Born 1965. Education: Graduated from Eastern Washington University.

ADDRESSES:

Home—Spokane, WA. E-mail—[email protected].

CAREER:

Novelist, journalist, screenwriter, and investigative reporter. Spokesman-Review, reporter.

AWARDS, HONORS:

Member of Pulitzer Prize finalist reporting team for spot news reporting, 1992; finalist, PEN Center West Literary Nonfiction Award, 1995, for Every Knee Shall Bow: The Truth and Tragedy of Ruby Ridge and the Randy Weaver Family; Edgar Allan Poe Award, best novel, Mystery Writers of America, 2006, for Citizen Vince; National Book Award finalist, 2006, for The Zero; Livingston Award for reporters under thirty-five years of age, two-time finalist; recipient of numerous regional and national reporting and writing awards.

WRITINGS:

Every Knee Shall Bow: The Truth and Tragedy of Ruby Ridge and the Randy Weaver Family, Regan Books (New York, NY), 1995, published as Ruby Ridge, 2001.

(With Christopher Darden) In Contempt, G.K. Hall & Company (Thorndike, ME), 1996.

Over Tumbled Graves (novel), Regan Books (New York, NY), 2001.

Land of the Blind (novel), Regan Books (New York, NY), 2003.

Citizen Vince (novel), Regan Books (New York, NY), 2005.

The Zero (novel), Regan Books (New York, NY), 2006.

Walter's books have been translated into twelve languages.

ADAPTATIONS:

Ruby Ridge was adapted as a television movie, Tragedy at Ruby Ridge, in 1996; Citizen Vince is under movie option by Home Box Office (HBO).

SIDELIGHTS:

Jess Walter is a journalist who has specialized in such true crime subjects as the FBI siege at Ruby Ridge, Idaho, the trial of O.J. Simpson, and serial killers. He has also written several novels.

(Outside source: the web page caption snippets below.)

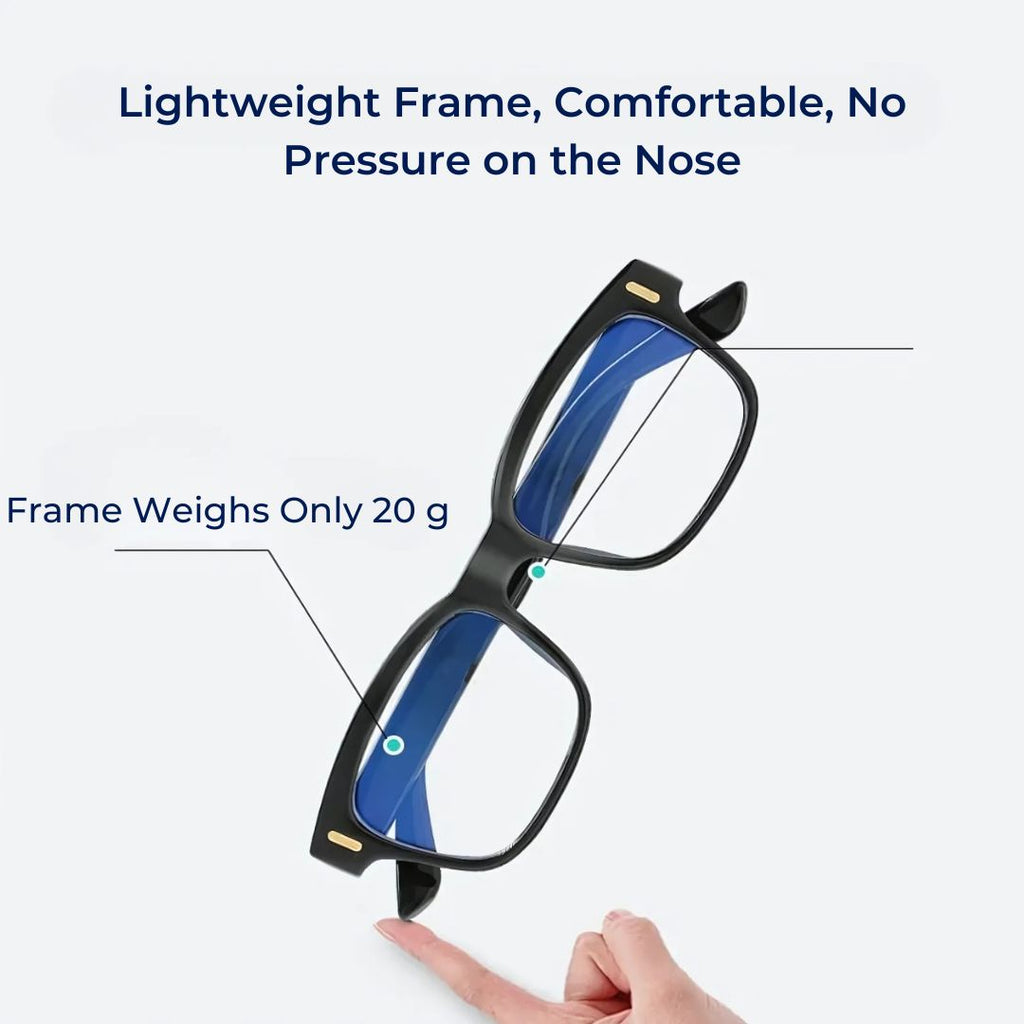 EyeShield Pro Blue Light Blocking Computer Glasses | With UV Protection - Reduces Eye Strain - Improves Sleep Quality - 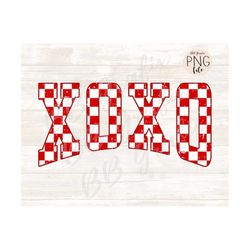 Digital Png File Xoxo Checker Distressed Valentine&39s Day Printable Sticker Sublimation Dtg Dtf T-Shirt Design INSTANT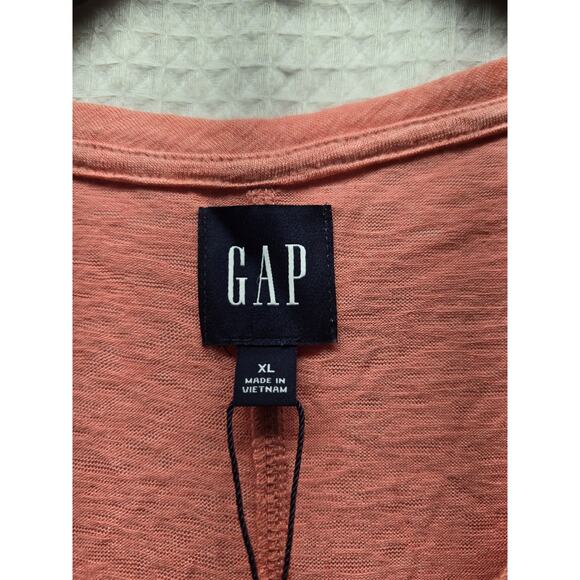 Gap Tshirt Womens Size XL Long Sleeve Scoop Neck - Picture 2 of 6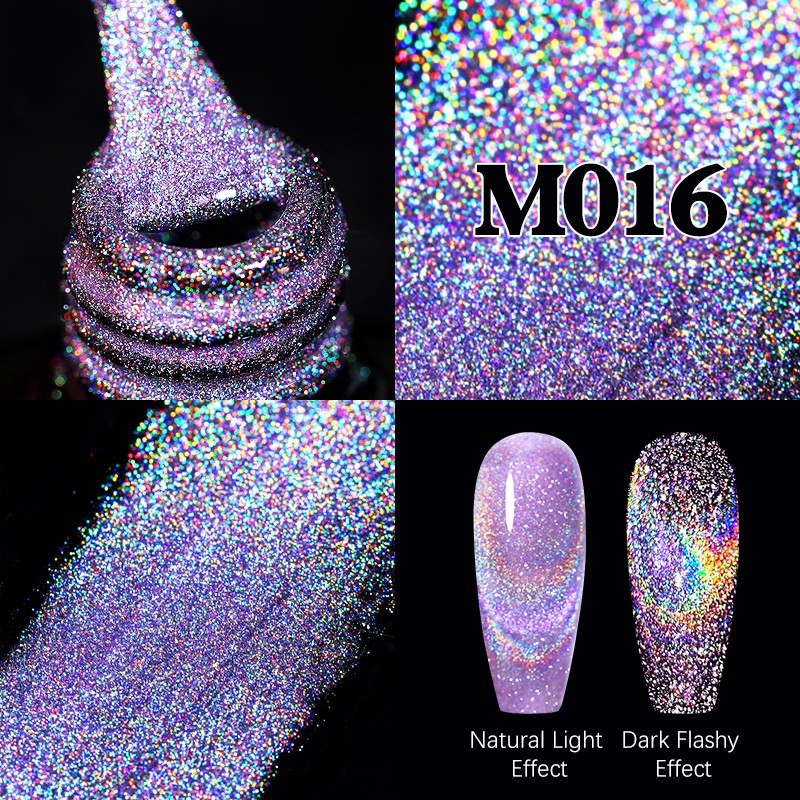 UR SUGAR Reflective Cat Magnetic Laser Gel Nail Polish Rainbow Gel Shine Semi Permanent Soak Off UV LED Varnish Nail Art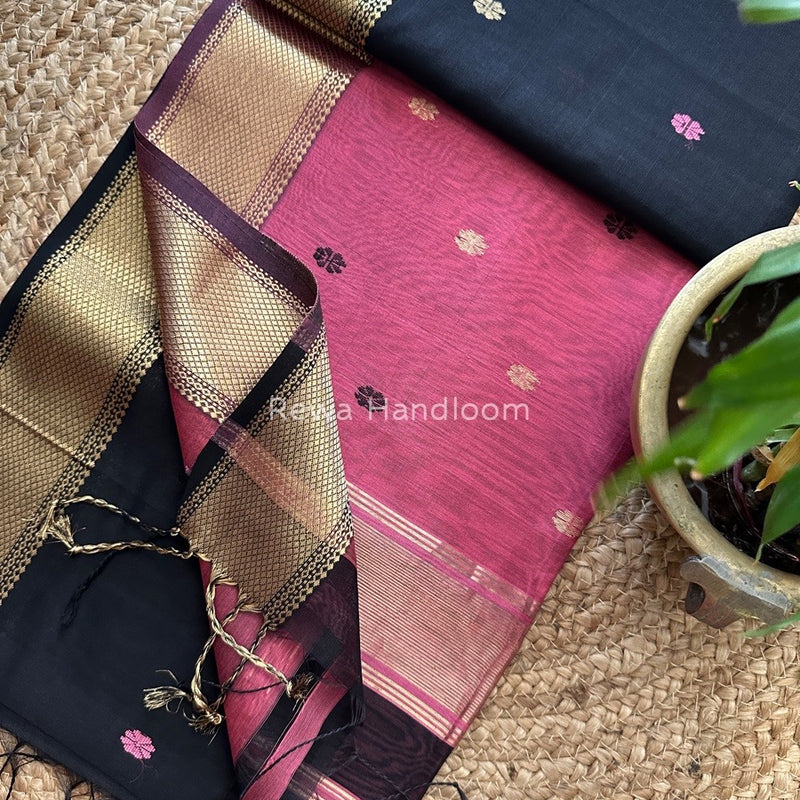  Zari Butti Maheshwari Saree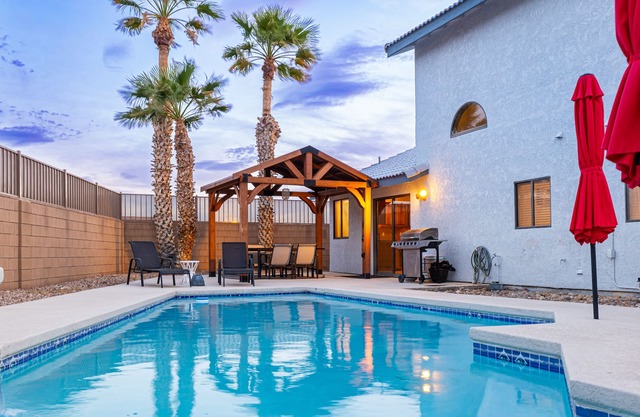 Pool Home with Lake View near Lake-River & Casinos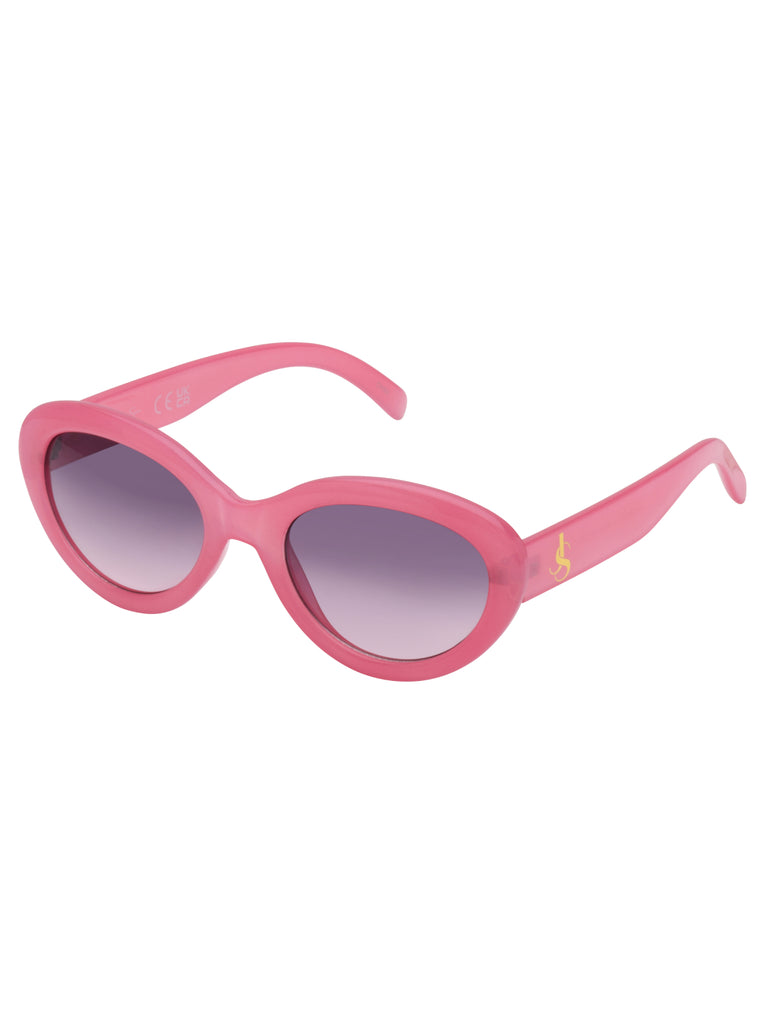 Round Cat Eye Sunglasses in Pink
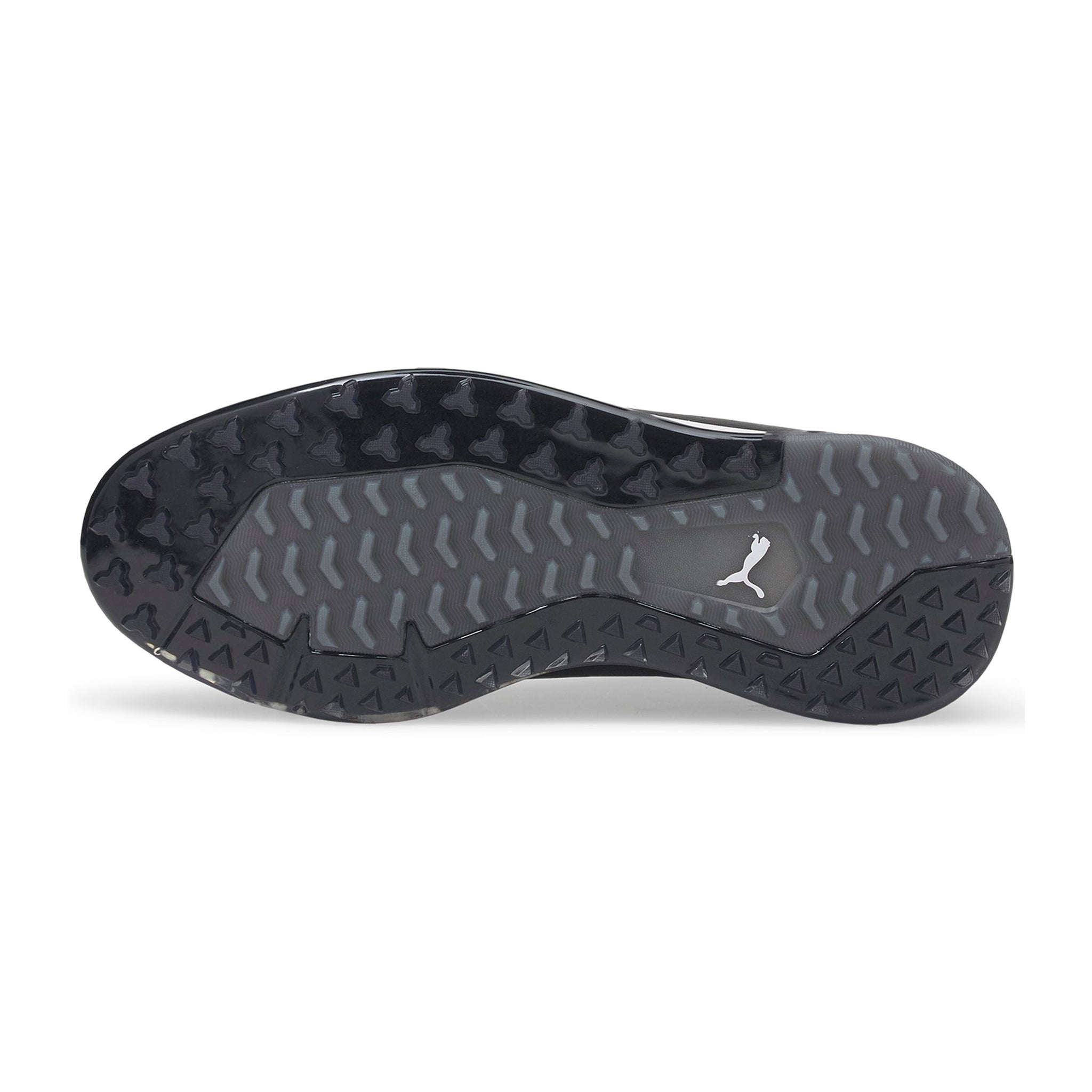 Puma ProAdapt Alphacat Leather Golf Shoes Black/Silver 02
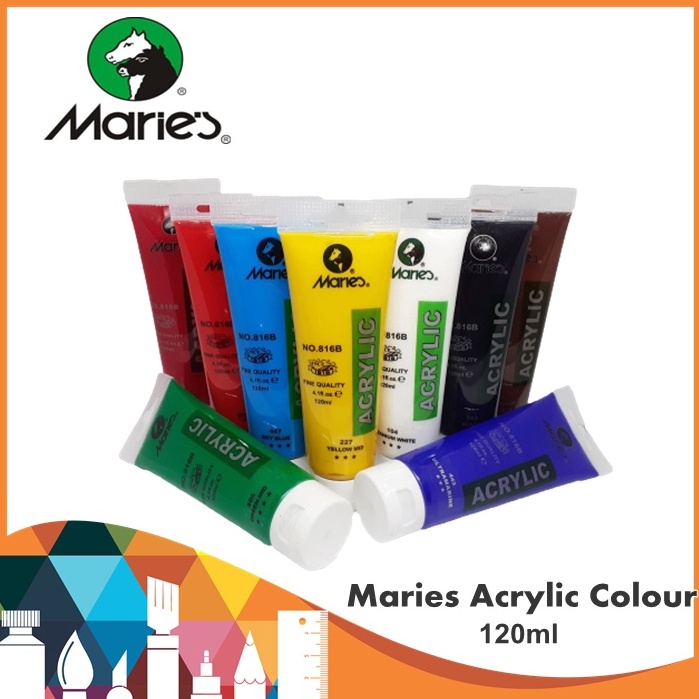 

KODE C74H Maries Acrylic Paint Tubes 12ml Cat Lukis Maries Acrylic 12ml Cat Maries Maries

Walter's first book, Every Knee Shall Bow: The Truth and Tragedy of Ruby Ridge and the Randy Weaver Family, came from his coverage of the Weaver case that helped earn a Pulitzer Prize nomination for the Spokane Spokesman-Review. The book examines the case in depth. The federal government tried to coerce Idaho resident Randy Weaver, a survivalist who lived in an isolated mountain cabin, into informing on local White separatists. Unable to persuade him, they then arrested him on a gun charge. When Weaver missed a court date in connection with the case, the government stormed his cabin, killing his 14-year-old son, Samuel, and his wife Vicki as she stood on the porch holding their infant child. A deputy U.S. marshal was also killed in the raid. Walter interviewed members of the Weaver family, and provides a minute-by-minute account of the tragic siege as well as of the trials of Weaver and his accomplice.

Jeffrey Kaplan commented in Christian Century: "The strength of Walter's presentation is his neutrality. The book resonates with compassion for all who were caught up in the events at Ruby Ridge, yet that compassion never overwhelms critical judgment…. While condemning the bungled operation and the poorly executed cover-up which followed, Walter is able to draw sympathetic portraits of the federal agents involved at the scene … no less than the deaths of Vicky and Samuel Weaver."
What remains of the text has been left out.